<<<<

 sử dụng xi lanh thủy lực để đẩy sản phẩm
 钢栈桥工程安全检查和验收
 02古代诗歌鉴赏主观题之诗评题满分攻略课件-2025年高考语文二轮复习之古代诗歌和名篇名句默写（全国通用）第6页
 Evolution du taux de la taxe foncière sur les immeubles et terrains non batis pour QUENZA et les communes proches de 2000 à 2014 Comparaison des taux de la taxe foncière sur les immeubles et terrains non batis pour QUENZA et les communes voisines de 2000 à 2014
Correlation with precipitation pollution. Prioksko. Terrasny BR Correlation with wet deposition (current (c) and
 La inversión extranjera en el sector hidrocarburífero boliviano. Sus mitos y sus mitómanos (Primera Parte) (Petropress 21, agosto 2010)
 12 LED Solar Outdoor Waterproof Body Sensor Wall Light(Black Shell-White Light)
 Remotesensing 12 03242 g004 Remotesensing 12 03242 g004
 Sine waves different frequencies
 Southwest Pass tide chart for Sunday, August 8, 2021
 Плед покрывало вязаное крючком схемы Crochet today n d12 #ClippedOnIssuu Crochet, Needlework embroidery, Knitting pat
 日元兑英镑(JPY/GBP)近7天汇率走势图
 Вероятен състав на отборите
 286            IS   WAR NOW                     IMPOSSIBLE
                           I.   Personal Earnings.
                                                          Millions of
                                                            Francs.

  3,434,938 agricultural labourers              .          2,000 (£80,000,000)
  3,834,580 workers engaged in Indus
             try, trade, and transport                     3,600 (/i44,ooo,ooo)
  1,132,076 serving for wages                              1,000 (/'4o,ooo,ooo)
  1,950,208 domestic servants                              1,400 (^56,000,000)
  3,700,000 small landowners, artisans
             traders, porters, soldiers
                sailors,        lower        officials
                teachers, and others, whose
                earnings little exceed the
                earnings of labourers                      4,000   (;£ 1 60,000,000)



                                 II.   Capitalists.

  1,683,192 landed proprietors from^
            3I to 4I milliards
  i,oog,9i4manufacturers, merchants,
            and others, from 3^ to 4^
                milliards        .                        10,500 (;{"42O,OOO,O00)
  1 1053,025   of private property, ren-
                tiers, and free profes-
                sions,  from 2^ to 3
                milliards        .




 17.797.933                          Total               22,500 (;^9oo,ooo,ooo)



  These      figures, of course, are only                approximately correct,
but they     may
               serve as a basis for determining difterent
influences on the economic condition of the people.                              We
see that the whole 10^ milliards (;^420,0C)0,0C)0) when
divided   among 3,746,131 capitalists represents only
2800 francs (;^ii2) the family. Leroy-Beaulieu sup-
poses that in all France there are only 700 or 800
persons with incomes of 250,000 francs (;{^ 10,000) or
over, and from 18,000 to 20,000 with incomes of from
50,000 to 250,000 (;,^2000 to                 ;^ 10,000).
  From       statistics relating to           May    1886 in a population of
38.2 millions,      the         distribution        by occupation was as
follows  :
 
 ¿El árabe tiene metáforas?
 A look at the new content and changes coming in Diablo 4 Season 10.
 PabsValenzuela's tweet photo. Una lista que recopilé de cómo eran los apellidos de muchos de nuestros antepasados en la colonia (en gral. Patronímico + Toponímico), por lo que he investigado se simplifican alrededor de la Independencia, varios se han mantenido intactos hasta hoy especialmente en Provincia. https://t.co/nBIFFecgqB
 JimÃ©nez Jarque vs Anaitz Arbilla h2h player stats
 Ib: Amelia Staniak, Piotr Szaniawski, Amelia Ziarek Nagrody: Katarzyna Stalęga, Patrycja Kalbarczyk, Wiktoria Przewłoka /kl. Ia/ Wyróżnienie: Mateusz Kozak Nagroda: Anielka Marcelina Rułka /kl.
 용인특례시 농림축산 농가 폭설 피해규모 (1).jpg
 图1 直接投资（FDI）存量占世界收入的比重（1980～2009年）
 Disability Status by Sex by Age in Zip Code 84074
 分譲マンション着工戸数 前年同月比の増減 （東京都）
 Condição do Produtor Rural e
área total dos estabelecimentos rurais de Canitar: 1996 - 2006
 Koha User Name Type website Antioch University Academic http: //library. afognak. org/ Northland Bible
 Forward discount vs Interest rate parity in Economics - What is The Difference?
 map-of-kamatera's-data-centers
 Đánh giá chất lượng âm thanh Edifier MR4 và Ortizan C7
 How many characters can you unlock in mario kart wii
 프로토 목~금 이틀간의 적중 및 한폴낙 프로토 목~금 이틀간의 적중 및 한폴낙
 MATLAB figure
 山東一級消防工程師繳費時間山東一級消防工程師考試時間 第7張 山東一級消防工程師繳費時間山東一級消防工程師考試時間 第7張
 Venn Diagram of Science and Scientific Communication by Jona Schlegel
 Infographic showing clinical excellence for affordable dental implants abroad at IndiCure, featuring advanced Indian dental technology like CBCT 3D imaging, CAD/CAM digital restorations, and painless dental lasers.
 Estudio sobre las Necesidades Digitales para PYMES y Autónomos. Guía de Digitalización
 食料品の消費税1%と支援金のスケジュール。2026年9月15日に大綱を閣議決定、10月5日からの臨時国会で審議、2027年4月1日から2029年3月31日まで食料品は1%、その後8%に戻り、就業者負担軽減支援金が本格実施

>>>>

YOUR OBJECTIVE:
Take the lines above from the first through the one containing "Evolution du taux" and reproduce them exactly; include nothing else.

SOLUTION FOR THIS TASK:
 sử dụng xi lanh thủy lực để đẩy sản phẩm
 钢栈桥工程安全检查和验收
 02古代诗歌鉴赏主观题之诗评题满分攻略课件-2025年高考语文二轮复习之古代诗歌和名篇名句默写（全国通用）第6页
 Evolution du taux de la taxe foncière sur les immeubles et terrains non batis pour QUENZA et les communes proches de 2000 à 2014 Comparaison des taux de la taxe foncière sur les immeubles et terrains non batis pour QUENZA et les communes voisines de 2000 à 2014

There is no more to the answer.